Someone had camera in Syria and documented the bodies of beautiful little children soaked in blood: one with brain matter showing through the top of a tiny skull, limp bodies of babies laid out together on a blanket….34 children were murdered there yesterday, according to CNN reports, 94 people in all slaughtered there Saturday while I sat in my air conditioned living room and watched Law and Order.

I have always cared. I cared before any of my own children were even conceived.

But my daughter Charla is responsible for intensifying my personal sense of outrage and for bringing the people of Syria -and the world – into my heart.

Before Charla graduated FSU, she had already amassed a collection of friends and acquaintances from all over the world. It was common for me to hear about a friend she’d made in Syria, a year or two before the true violence began there. She has friends from many other countries, one she’s known since she was in high school. Together, she and I reached out over the internet to help teach people in other countries to speak English. She practiced her French at the same time she helped others, and the two of us, along with Rayna, (my now-nine year old) befriended Jesus Melendez Manzano, a young man in Venezuela who needed to better his English in order to immigrate to Canada and be with his wife. He accomplished that and he is living there now, free and soaking up democracy. He is on my facebook, where he has been for more than two years. I learned about the struggles of his country from him firsthand in an open dialogue on Skype and in emails.

When Charla was attending FSU, she had the opportunity to study and live abroad, for four months, in London. While she was there, she traveled to 8 other countries. She stood in the gas chambers at Auschwitz where thousands of Jews were killed. Let me say that again…at 19 years old, she stood inside a concentration camp in Poland. Over one million people died in Auschwitz in a four-year period, according to historians. I learned about the Holocaust in a classroom in 7th grade. She flew there and allowed herself to be touched by a million lost souls.

When the internet first came out, we all struggled to get online through AOL and dial-up connections. Chat rooms and email struggles were prominent.

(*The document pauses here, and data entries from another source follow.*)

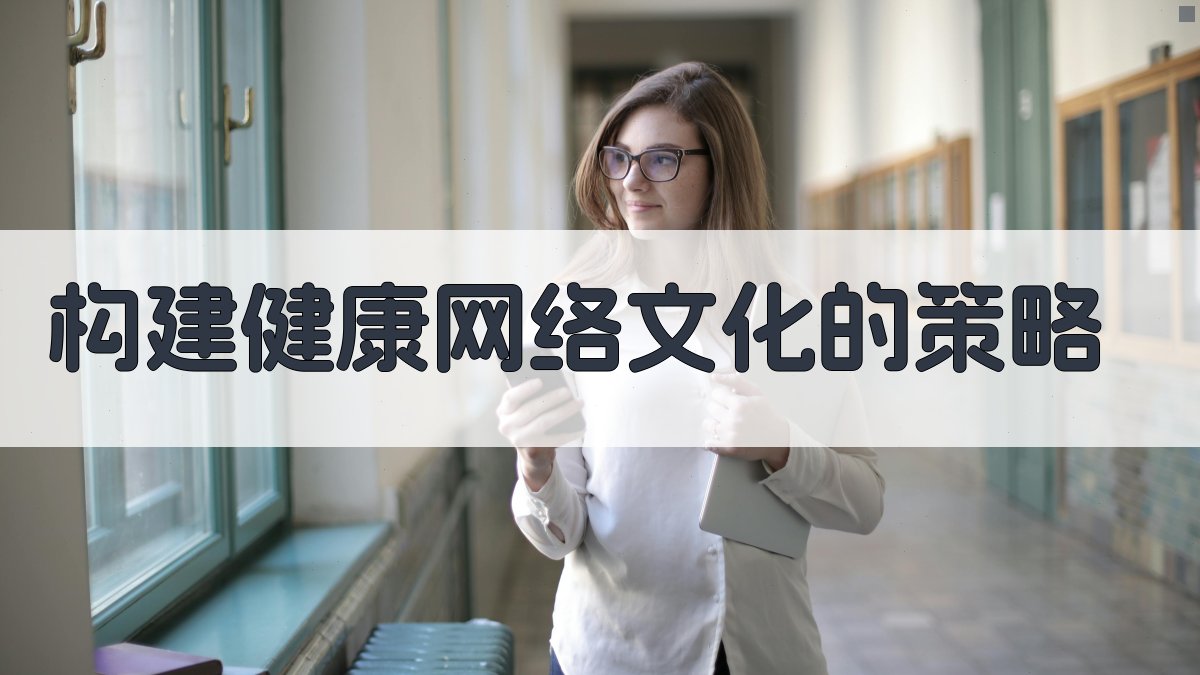 构建健康网络文化的策略 图4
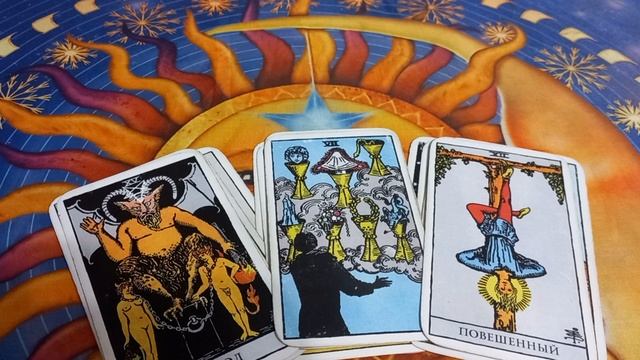 Что Вас ждёт в ближайшие три дня🙏🤔🌺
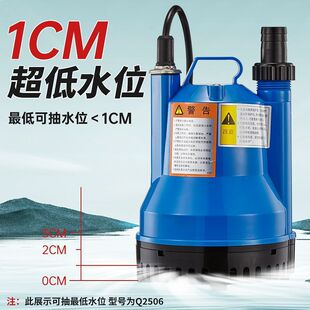 �V�|����Qϵ�����ϝ�ˮ����ˮ��220V��ˮ�~��ѭ�h��ȫ�Ԅӵ�����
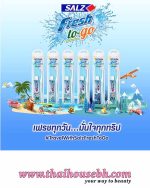 SALZ Fresh Japanese Mint Toothpaste and Toothbrush Set - Image 2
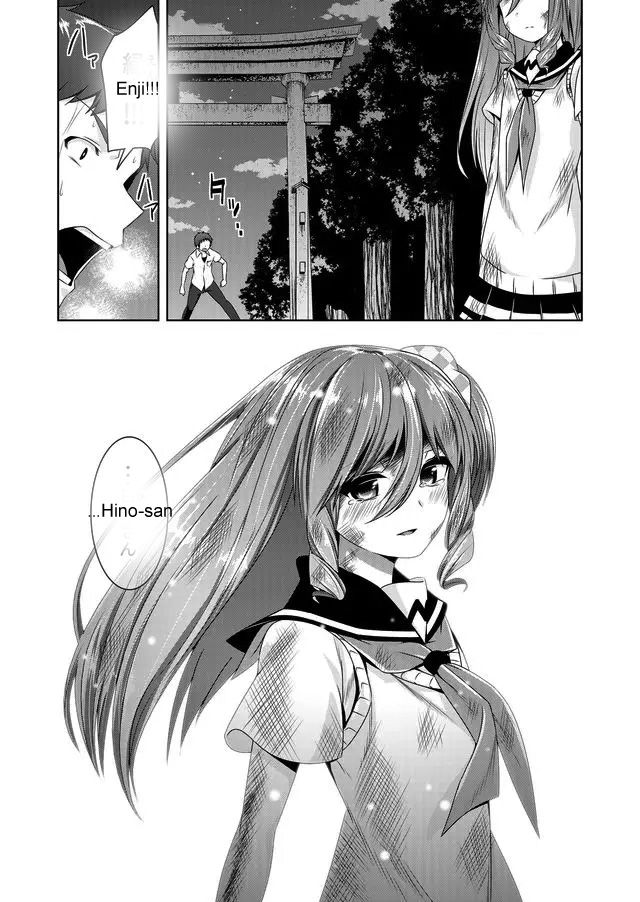 Page 11 of Chapter 45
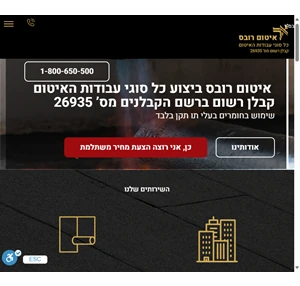 איטום גגות יריעות ביטומניות זיפות גגות סיוד גגות - איטום רובס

We had no idea the impact the internet was going to have on our lives in every possible way. I never imagined a dictator could be taken down through a social media network.

Charla is so passionate about knowing the world and experiencing it firsthand, she moved to Africa and will be gone until next year. I can’t help but be touched by a young woman with so much conviction and strength. She brings the world to my life, up close and personal. She has shown me through her actions and choices how small our world is.

I second-guessed myself several times last night after posting the video. For most people, Facebook is a place to share happy photos of their children playing and growing and having birthday parties. It is those things for me too. But it is fast becoming my own medium to talk about the things that touch my life daily: the pain and the struggles and the laughter.

I predict the people slaughtered in Syria, even these precious children, did not die in vain. Thanks to video and youtube and even Facebook, the attacks on innocent people in Syria is coming to life for everyone. Look at that video and be outraged. Write to someone in charge and make sure they hear you. I know politics and policy and United Nations determinations have already postponed help going to Syria.

I don’t want to see us in another war, personally.

I also didn’t want to see that video.